Putting this all together, the trial design is shown here.

FLEX Trial Design

FLEX Trial Design

(click on figure to enlarge)

The study showed that the likelihood of significant tumor shrinkage was higher in the recipients of Ebritux with chemo (36% vs. 29%, p = 0.010), and that despite the fact that the median progression-free survival was the same in both arms, there was a significant survival benefit with Erbitux added to chemo.

FLEX Overall Survival Curves

FLEX Overall Survival Curves

The curves do separate, and the one-year survival rate is higher in the recipients of Erbitux (47% vs. 42%), but it’s a puzzling pattern. Notice in the curves above that the separation occurs after more than 6 months, when the majority of patients had already come off of chemo, and the majority were off of Erbitux as well. Why and how did survival increase on the Erbitux arm after the time when the majority were off of first line treatment? We can’t really explain that. And how did survival improve when there wasn’t an improvement in progression-free survival. Another point that is hard to refute.

If you combine that with the fact that the improvement in median overall survival was only 1.2 months (from 10.1 to 11.3 months), you end up with a trial that left as many questions as answers. Most oncologists have struggled with the real clinical significance of this trial, regardless of its statistical significance.

As we sift through the data, we hope to find groups of patients who did particularly well or poorly, so that we might select patients who are especially likely to benefit, or those particularly unlikely to benefit. Those groups may be defined by race, NSCLC subtype, other clinical factors, or possibly molecular variables. We’ll cover the differences among these various groups in a couple of upcoming posts.

2 Responses to FLEX Trial Redux

  • Dr. Pinder says:

    The results with Erbitux to me are reminiscent of the way in which immunotherapies might alter cancer course and may require us to rethink how we evaluate some cancer therapies. The findings are remarkably similar to the findings with Provenge, the prostate cancer vaccine, which found a substantial overall survival benefit without any benefit in progression-free survival. Because Erbitux can stimulate the immune-system through antibody-dependent cell-mediated cytotoxicity (ADCC), I think this long latency time to effect may tell us that it is working through the body’s immune system rather than a direct anticancer effect.

    That is not to say that these results are particularly impressive in themselves. BUT if Erbitux does work through ADCC, maybe an agent that is more effective at stimulating the immune system in this way might show more impressive results. This trial (and perhaps the prostate cancer trials) tell us that progression-free survival would probably not be the endpoint to look at for these drugs.

    I find that bringing patients in WEEKLY for therapy, particularly for maintenance treatment after their initial chemotherapy is a big negative in terms of quality of life.
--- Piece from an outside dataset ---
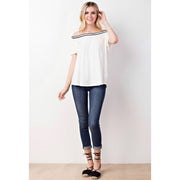 Varsity Off Shoulder Top - B&W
I’m looking forward to your upcoming posts on the factors that determine benefit!

  • Dr West
    Dr West says:

    Yes, I particularly agree that weekly maintenance therapy after 4-6 cycles of chemotherapy is a particular challenging concept. Many docs AND patients feel that a break from treatment is well-deserved after 3-5 months of ongoing chemo, particularly if that patient has had a response or at least apparent arrest/non-progression of the cancer. I’m reasonably convinced of the benefit of maintenance therapy in people who don’t have a very indolent cancer and/or a very good response to first line treatment, but I think the concept is far more compatible with an infrequently administered well tolerated IV therapy like Alimta (pemetrexed) or a generally well tolerated oral therapy like Tarceva (erlotinib). I think my patients like me just fine, but I still think it’s a tough sell to ask them to come in every week for an intervention that probably has a relatively modest, marginal benefit over a less intensive follow-up/treatment plan.

    More on clinical factors and markers later.